# Thread: Percent Error (Simple Problem?)

1. ## Percent Error (Simple Problem?)

Hi, I'm new here, but I was looking for some help with a Calc problem and here I am. Odd thing about this problem is we worked it out in class, but when checking the answer it seems wrong. I talked to my calc teacher and she's stumped too, so can anyone see what's wrong here?

A surveyor is standing 50 feet from the base of a tree. He measures his angle of elevation to the top of the tree is 71.5 degrees. How accurately must he measure his angle of elevation to measure the within a 6% error.

This is what I did. Set up a triangle and get

$h = 50tan(a)$

Differentiating the equation I wind up with

$dh/da = 50sec^2(a)$

Because we want dh/h to be less than 6% I set dh = .06h
A little algebra gives me :

$da = dh/(50sec^2(a)) = .06h/(50*sec^2(a))$
$
da = (.06*50tan(a))/(50sec^2(a))
$

Cancelling the 50's and converting the

$sec^2$ to $1/cos^2$

I get

$
da = .06tan(a)cos^2(a)
$

Exact height at 71.5 degrees would come out to be 149.4342.

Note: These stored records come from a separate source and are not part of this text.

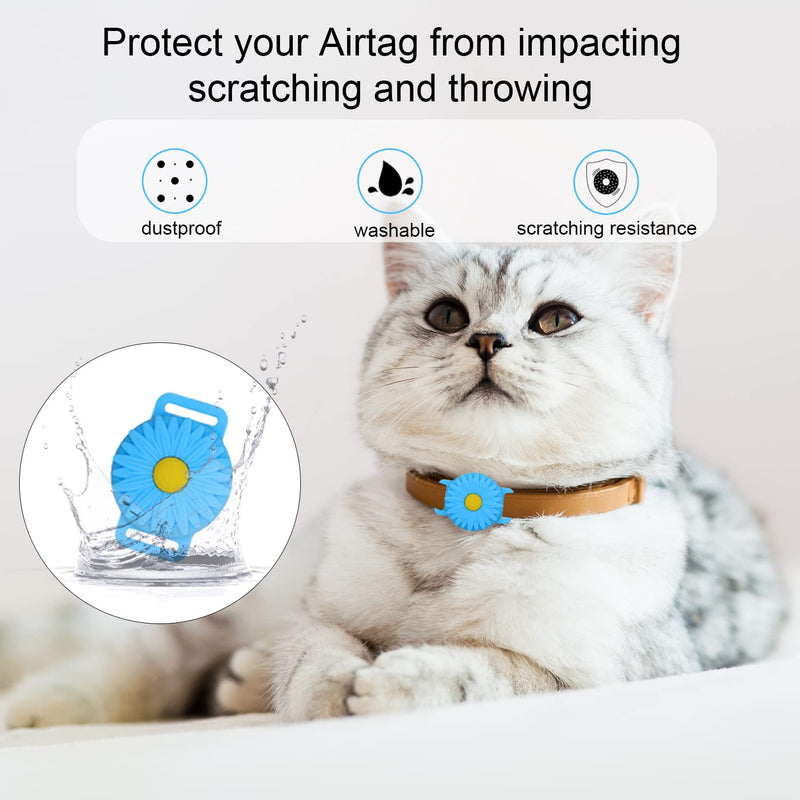 Airtag Cat Collar Holder for Apple Air Tag Cat Collar Holder Within 0.6 inch, Airtag Dog Collar Holder, Airtag Pet Collar Holder for Apple Airtag Collar Small Airtag Protector blue - PawsPlanet Australia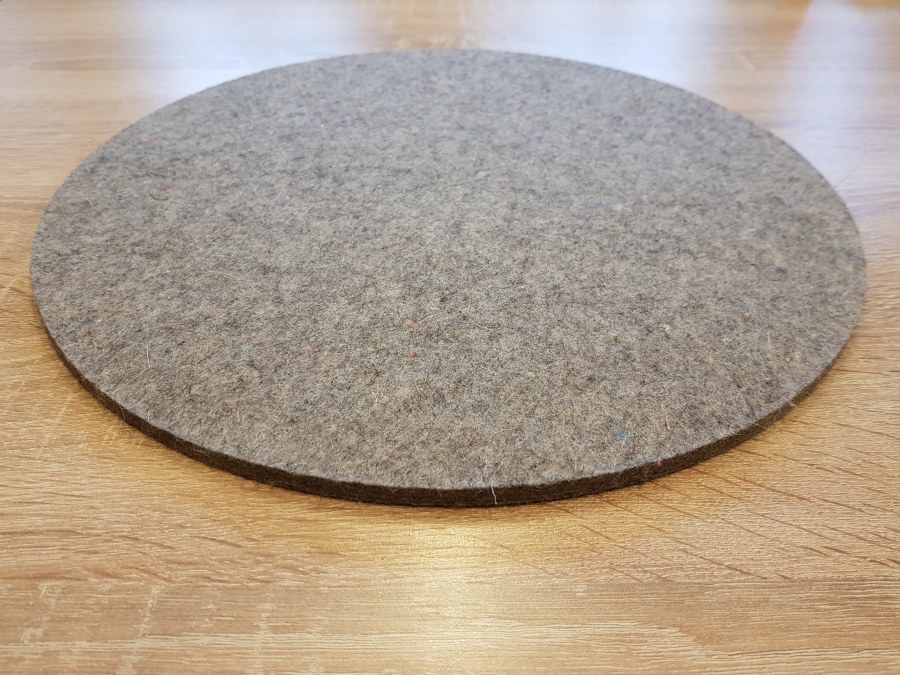 Podsedák plstěný - šedý 350 x 6mm, 0,44 g/cm3 - Zednické nářadí, zahrada, nádoby Nářadí a pomůcky zednické Hladítka, přísl.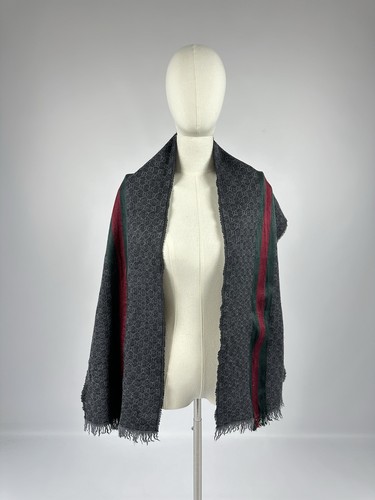 Sciarpa gucci logo grigio - sciarpa,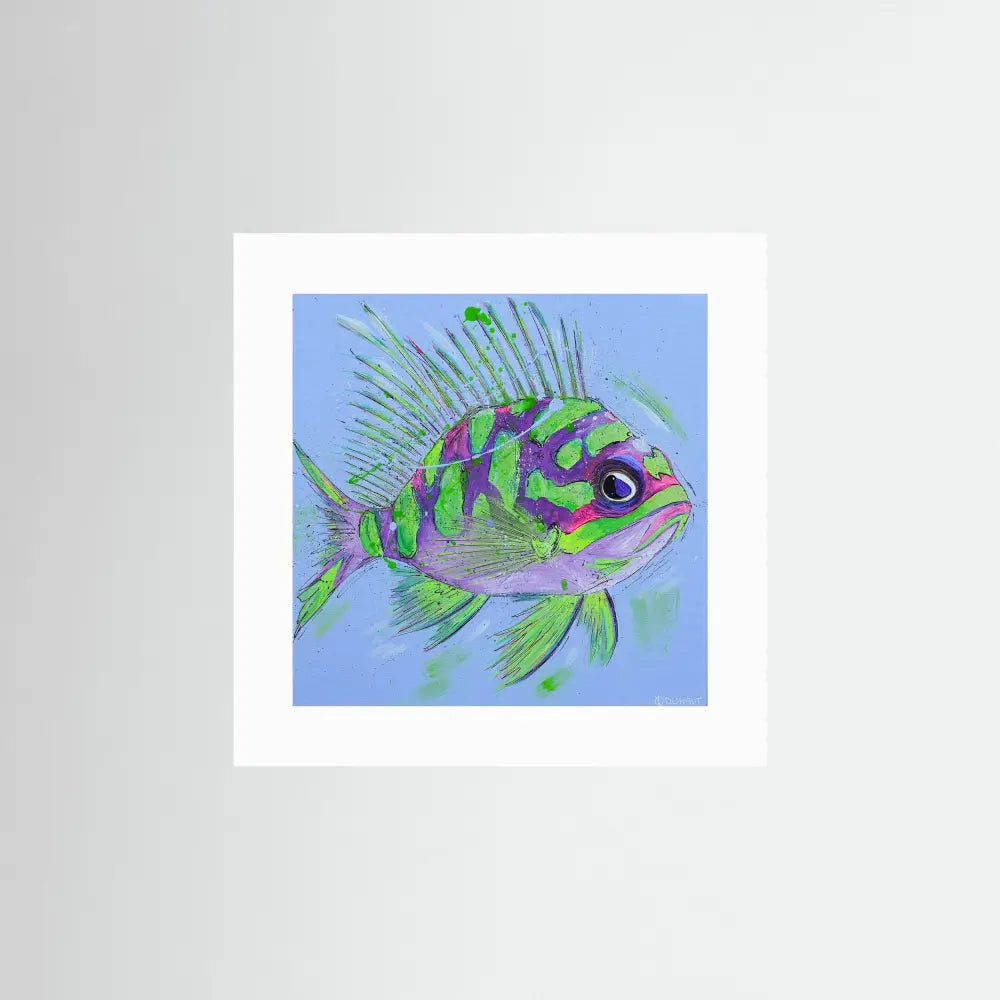 Grumpy Fish - Print on Fine Art Paper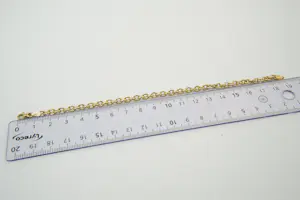 23 - Charmante 14 karaats geel gouden anker of jasseron armband kopen? Bied vanaf 190!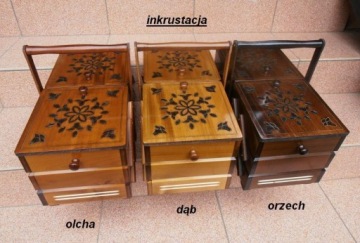 XXL РЕЗЬБОТНО-РЕЗЬБОВЫЙ СТАНОК, дерево, ИНКРУСЦИЯ - портновский ящик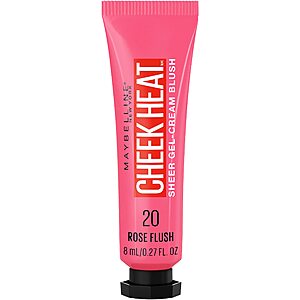 Maybelline New York Cheek Heat Gel-Cream Blush (Rose Flush) $3.80 w/ S&S + Free Shipping w/ Prime or on $35+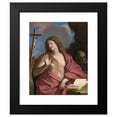 thumbnail image 2 of Guercino 20x24 Black Modern Framed Museum Art Print Titled - The Penitent Magdalene, 2 of 5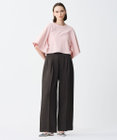 uncrave テンセルライトリネン ワイドパンツ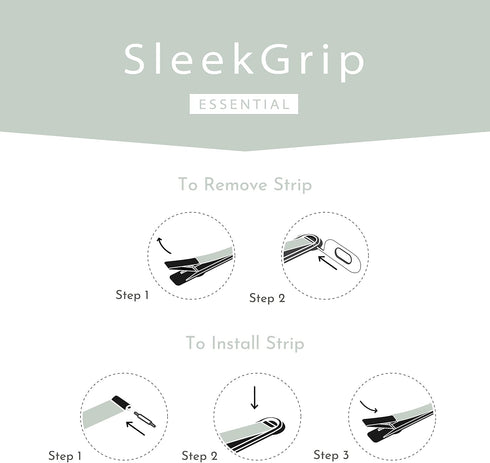 Swappable Ultra-Thin Phone Grip, Convertible Holder Fits Most iPhone and Android Cases, Compatible with Wireless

Plugging in 71.5 my da comes out to be roughly .0181
At first I thought this was degrees which gives no where near a 6% differences in the height. Then I thought it was radians. Converting .0181 from radians to degrees gives 1.03 degree difference. Applying this gives a 6.3% difference in height.. which is close, but it's still over my tolerance.

I know it's rubbish but i did discover that 1 - .0181 = .9819 which added to my 71.5 degrees and applied to the height equation gives me the 6% exactly, but I can't think of any logical reason I would want to subtract my result from 1.

Any help on this (admittedly long winded) post would be greatly appreciated. Thanks.

2. I hate to do it, but I'm going to give this a little bump in hopes someone will be able to help. Thanks.